Oczywiście rację ma Klakier, że starym przyjaciołom na ogół skłonni jesteśmy wiele więcej wybaczyć i przymknąć oko na to, co nas zaczęło dzielić. Ale równocześnie uświadamiam sobie, że część moich starych przyjaźni rozleciała się właśnie dlatego, że różnice poglądów zaczęły być zbyt dotkliwe. I nie chodziło tu nawet o politykę, ale – górnolotnie mówiąc – o wartości. Kiedyś tam nie rozmawialiśmy o tym, bo wystarczało nam, że lubiliśmy tę samą muzykę, śmialiśmy się z tych samych dowcipów, pomagaliśmy sobie w trudnych sytuacjach. A potem okazało się, że sfera wartości to znacznie więcej niż pomoc w potrzebie. Że w różnych sprawach nasze sumienia były całkiem niekompatybilne, co powodowało, że nawzajem dla siebie traciliśmy szacunek. W praniu okazało się, że – o czym pisała z kolei Monika – jednak się różne rzeczy ocenia i wybacza tylko do pewnego punktu krytycznego. Za nim chęć do dalszego przyjaźnienia się jakoś dziwnie przemija.
Inna sprawa, o której mówię z pewną obawą, żeby nie wyszło, że się wypindrzam, ale trudno – uczciwość mnie zmusza. 😉 W moich przyjaźniach zawsze bardzo istotny był pierwiastek intelektualny. Żeby było o czym ciekawie pogadać. To nie znaczy zgadzać się we wszystkim, ale, nazwijmy to, posługiwać się takimi samymi narzędziami myślowymi – logiką, zdrowym rozsądkiem, etc. I kiedy odkrywałem, że moi starzy przyjaciele rzucali te narzędzia w kąt, przestawali ich używać, było to dla mnie zawsze bardzo bolesne, ale nie potrafiłem udawać, że nic się nie zmieniło, gramy dalej i lubimy się tak samo, jak przedtem. Tak naprawdę lubiliśmy się mniej i mniej mieliśmy motywacji do spotykania się, bo coraz mniej było tematów, o których dało się pogadać szczerze, otwarcie i sensownie.
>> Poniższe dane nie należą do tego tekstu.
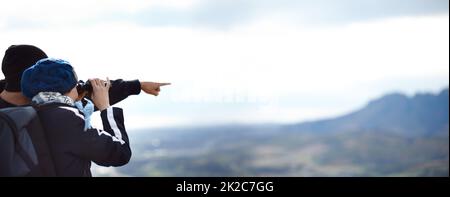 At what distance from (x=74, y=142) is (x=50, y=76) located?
0.61 metres

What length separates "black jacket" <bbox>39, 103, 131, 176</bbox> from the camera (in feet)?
21.9

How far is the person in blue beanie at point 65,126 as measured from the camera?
6.66 m

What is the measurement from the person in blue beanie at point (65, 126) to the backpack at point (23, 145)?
0.29ft

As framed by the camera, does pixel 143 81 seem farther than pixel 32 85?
Yes

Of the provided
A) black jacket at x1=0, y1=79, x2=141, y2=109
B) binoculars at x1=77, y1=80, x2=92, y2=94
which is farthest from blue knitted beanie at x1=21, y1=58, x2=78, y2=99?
black jacket at x1=0, y1=79, x2=141, y2=109

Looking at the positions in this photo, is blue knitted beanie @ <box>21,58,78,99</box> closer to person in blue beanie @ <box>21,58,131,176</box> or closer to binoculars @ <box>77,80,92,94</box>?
person in blue beanie @ <box>21,58,131,176</box>

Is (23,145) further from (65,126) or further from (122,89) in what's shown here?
(122,89)

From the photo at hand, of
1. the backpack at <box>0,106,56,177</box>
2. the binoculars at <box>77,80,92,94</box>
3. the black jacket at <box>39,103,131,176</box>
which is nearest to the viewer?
the backpack at <box>0,106,56,177</box>

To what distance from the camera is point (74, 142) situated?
671cm

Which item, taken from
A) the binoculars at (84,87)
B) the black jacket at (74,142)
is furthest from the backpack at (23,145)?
the binoculars at (84,87) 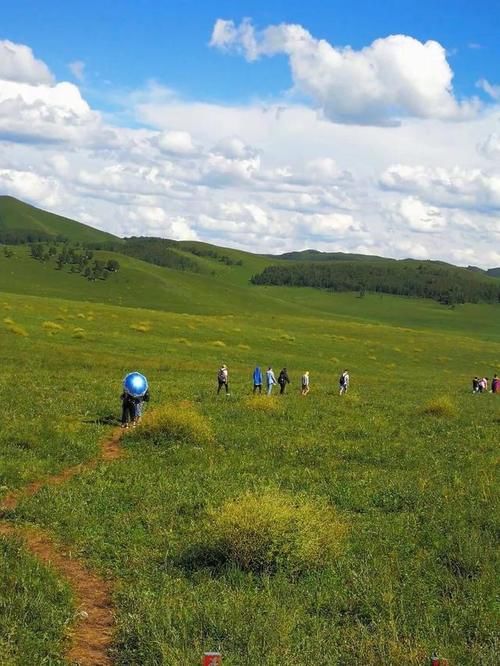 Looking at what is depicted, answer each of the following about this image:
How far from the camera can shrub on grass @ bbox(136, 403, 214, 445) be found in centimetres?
2205

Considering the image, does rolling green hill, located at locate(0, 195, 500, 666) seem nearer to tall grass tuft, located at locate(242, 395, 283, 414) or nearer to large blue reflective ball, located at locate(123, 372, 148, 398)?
tall grass tuft, located at locate(242, 395, 283, 414)

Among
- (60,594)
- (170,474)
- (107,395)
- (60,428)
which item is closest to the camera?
(60,594)

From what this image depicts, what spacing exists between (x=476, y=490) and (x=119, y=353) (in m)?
40.0

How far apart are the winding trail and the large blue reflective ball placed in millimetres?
8339

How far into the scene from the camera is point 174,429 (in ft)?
72.8

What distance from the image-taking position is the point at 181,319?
87562mm

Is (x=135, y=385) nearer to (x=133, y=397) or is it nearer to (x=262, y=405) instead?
(x=133, y=397)

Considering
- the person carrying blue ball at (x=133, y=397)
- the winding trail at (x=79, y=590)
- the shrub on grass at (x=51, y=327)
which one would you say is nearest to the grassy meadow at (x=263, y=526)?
the winding trail at (x=79, y=590)

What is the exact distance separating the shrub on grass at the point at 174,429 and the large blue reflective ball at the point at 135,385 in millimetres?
A: 2009

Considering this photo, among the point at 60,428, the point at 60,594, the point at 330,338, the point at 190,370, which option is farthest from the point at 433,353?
the point at 60,594

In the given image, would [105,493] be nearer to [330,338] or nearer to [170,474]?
[170,474]

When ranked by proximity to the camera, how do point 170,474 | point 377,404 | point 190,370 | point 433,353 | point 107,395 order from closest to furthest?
point 170,474
point 107,395
point 377,404
point 190,370
point 433,353

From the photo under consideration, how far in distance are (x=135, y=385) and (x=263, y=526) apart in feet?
43.6

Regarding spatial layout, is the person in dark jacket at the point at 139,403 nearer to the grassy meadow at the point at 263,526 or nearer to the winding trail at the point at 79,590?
the grassy meadow at the point at 263,526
Jasne, jeżeli ktoś z tych niegdyś-przyjaciół zwróci się do mnie o pomoc, nie odmówię. I życzę im wszystkiego najlepszego, naprawdę. Ale przyjaźnią już tych „rozjechanych” stosunków nie nazywam, bo czegoś w nich brakuje. Czegoś, co wcześniej było, ale potem się, niestety, zbyło.
Flaczki kibica! 😆
Flaczki przepięknościowe. 🙂 Natychmiast pobiegłam poszukać, ale nie znalazłam, płucek kibica – a przecież płucka to dla kibica ważna rzecz!
zakwitły 🙂
Zapach w całym pokoju. Białoszewski, koncert w Dwójce. Piękny wieczór. 😀
Dzielę się z Wami tą chwilą.
Znam tę radość Irku, zachwycam się z Tobą.
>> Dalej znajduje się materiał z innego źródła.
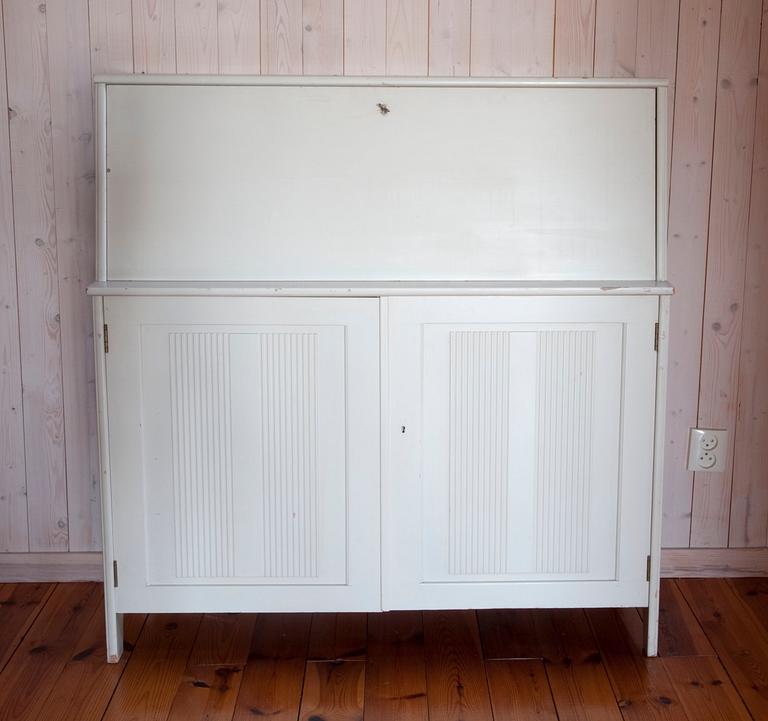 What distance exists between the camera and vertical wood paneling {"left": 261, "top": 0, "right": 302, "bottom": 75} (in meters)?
2.35

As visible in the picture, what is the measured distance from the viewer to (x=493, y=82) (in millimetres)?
2211

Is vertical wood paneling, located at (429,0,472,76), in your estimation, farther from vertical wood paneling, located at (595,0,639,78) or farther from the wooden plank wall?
vertical wood paneling, located at (595,0,639,78)

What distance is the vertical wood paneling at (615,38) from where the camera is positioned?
2367mm

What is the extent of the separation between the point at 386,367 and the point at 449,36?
0.83 m

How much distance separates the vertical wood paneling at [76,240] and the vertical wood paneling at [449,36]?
0.83 m

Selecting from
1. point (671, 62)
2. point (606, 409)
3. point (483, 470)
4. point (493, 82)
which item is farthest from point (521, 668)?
point (671, 62)

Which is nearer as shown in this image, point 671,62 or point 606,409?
point 606,409

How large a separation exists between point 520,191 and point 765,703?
4.03ft

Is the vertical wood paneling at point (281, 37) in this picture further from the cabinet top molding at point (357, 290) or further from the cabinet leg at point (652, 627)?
the cabinet leg at point (652, 627)

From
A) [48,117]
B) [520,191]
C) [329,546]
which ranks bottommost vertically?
[329,546]

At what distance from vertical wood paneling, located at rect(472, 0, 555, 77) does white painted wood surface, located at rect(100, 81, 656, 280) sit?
0.58ft

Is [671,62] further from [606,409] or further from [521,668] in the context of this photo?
[521,668]

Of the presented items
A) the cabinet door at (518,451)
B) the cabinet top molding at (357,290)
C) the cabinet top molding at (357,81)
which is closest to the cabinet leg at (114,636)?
the cabinet door at (518,451)

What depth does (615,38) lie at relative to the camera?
2375mm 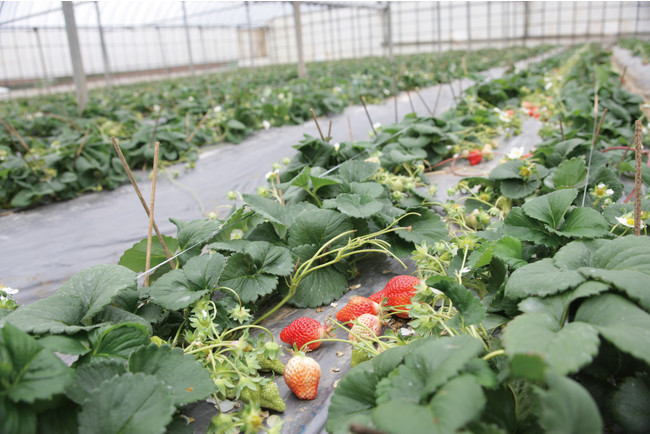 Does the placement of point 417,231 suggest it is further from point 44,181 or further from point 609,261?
point 44,181

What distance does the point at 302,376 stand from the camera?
1238 mm

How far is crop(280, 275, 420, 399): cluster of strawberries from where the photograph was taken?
125cm

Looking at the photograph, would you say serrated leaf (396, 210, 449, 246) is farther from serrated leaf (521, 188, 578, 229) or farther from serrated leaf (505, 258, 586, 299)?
serrated leaf (505, 258, 586, 299)

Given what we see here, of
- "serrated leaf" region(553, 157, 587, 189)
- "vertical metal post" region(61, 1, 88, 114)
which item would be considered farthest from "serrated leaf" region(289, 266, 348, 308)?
"vertical metal post" region(61, 1, 88, 114)

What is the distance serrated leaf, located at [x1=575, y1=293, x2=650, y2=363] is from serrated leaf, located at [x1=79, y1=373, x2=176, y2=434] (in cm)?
82

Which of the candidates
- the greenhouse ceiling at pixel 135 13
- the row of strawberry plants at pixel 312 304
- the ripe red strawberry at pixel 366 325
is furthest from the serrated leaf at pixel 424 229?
the greenhouse ceiling at pixel 135 13

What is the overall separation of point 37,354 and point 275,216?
1.06 m

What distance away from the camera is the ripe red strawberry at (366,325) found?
1390mm

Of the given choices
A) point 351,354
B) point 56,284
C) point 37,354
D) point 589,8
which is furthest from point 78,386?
point 589,8

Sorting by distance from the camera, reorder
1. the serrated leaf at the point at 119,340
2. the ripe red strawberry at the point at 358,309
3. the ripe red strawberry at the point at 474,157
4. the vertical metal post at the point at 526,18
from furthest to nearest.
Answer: the vertical metal post at the point at 526,18 < the ripe red strawberry at the point at 474,157 < the ripe red strawberry at the point at 358,309 < the serrated leaf at the point at 119,340

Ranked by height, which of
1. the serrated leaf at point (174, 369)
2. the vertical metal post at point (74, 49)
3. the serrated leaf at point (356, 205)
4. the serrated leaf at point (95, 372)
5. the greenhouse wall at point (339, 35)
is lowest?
the serrated leaf at point (174, 369)

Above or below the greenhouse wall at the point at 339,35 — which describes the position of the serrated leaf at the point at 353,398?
below

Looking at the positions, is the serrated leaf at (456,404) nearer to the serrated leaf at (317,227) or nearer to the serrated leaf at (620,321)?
the serrated leaf at (620,321)

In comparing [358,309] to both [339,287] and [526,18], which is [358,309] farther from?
[526,18] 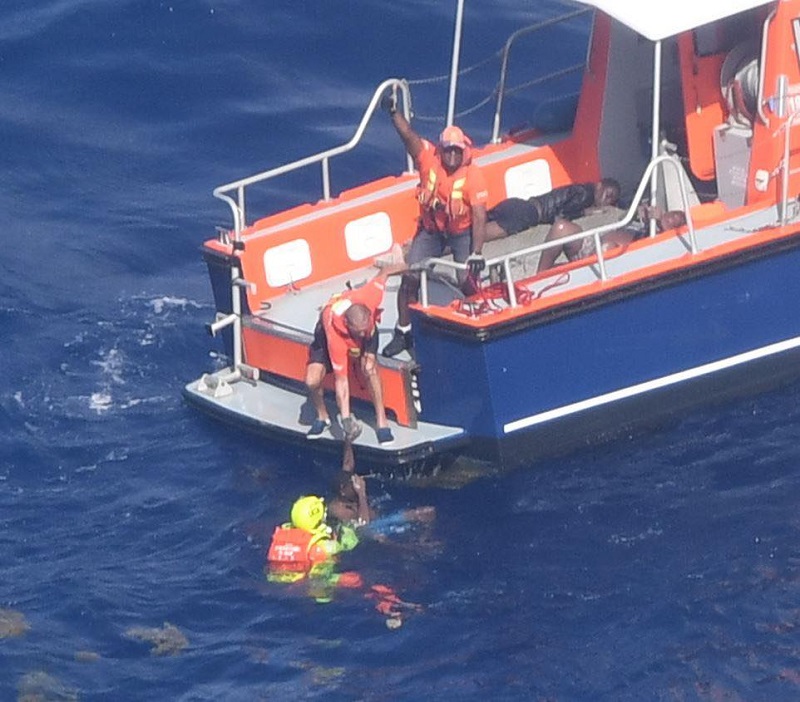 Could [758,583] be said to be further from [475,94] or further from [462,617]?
[475,94]

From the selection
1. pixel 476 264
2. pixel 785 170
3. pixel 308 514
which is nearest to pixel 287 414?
pixel 308 514

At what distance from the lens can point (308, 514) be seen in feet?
37.1

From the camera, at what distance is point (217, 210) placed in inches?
636

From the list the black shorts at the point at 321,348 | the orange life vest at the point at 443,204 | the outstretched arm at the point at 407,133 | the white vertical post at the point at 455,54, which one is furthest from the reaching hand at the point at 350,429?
the white vertical post at the point at 455,54

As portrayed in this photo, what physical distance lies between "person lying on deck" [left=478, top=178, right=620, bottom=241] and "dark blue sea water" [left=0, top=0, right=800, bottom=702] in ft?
6.03

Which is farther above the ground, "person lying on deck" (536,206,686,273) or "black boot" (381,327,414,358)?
"person lying on deck" (536,206,686,273)

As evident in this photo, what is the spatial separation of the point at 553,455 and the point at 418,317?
1271mm

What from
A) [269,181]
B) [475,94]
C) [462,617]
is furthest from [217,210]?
[462,617]

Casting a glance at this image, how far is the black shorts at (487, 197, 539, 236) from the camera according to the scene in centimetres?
1324

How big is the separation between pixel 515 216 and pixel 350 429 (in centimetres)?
230

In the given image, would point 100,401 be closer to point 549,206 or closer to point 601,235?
point 549,206

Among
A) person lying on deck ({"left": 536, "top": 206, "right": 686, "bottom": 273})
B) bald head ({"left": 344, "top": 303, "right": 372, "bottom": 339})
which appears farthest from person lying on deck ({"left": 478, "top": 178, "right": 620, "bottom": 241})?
bald head ({"left": 344, "top": 303, "right": 372, "bottom": 339})

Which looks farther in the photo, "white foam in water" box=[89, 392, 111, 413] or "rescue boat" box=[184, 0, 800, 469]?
"white foam in water" box=[89, 392, 111, 413]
Och, jakie cudne to kwiecie! I w ogóle cała chwila, którą Irek tak hojnie się podzielił. 🙂
Co będę ukrywał – lubię być tak obdarowywany. 🙂
Ciekawe, czy Helena już doleciana.
Zalezy pewnie od tego, czy odlot byl wedlug rozkladu, Bobiku.
U mnie nie ma tak pieknych kwiatow jak Krolowa Nocy Irka (ciesze sie, ze moglam ja zobaczyc na fotografii), ale po wielu dniach upartego deszczu nareszcie wyszlo slonce. W koncu! Nie trac wiec Rysiu nadziei… 😉
Flaczki kibica przezabawne. 😆
Klakier ma racje, pokrecilam PK z jego sasiadka… W kazdym razie zaba wa na 100 dwa z okazji mistrzostw. Czymam kciuki.
Do Jotki o 14:30
Jotko, zamieszczenie linki z dosc nieprzyjemna Schussel bez wlasnego komentarza, za to z apelem do innych, zeby komentowali brzmi dla mnie jakos nie ten tego, zeby nie uzyc innych slow. Bo nie wiem, czy to jest naprawde pytanie (tak zareagowala Monika) czy tez, jak probowal odgadnac w twoim imieniu Bobik: ” wyczułem w pytaniu – nie wiem, Jotko, czy słusznie? – coś w rodzaju “apelu o symetrię”: skoro tak się tu zawsze oburzacie na wypowiedzi ksenofobiczne w Polsce, to powinniście tak samo oburzyć się na ten nienawistny i kłamliwy wpis.”
W pisaniu latwo o nieporozumienia, i bledne interpretacje. Lepiej wiec wypowiadac sie wprost od poczatku. Wtedy krolik przy rannej kawie i spieszac sie do pracy nie musi zgadywac czy to jest pytanie czy to jest odpowiedz.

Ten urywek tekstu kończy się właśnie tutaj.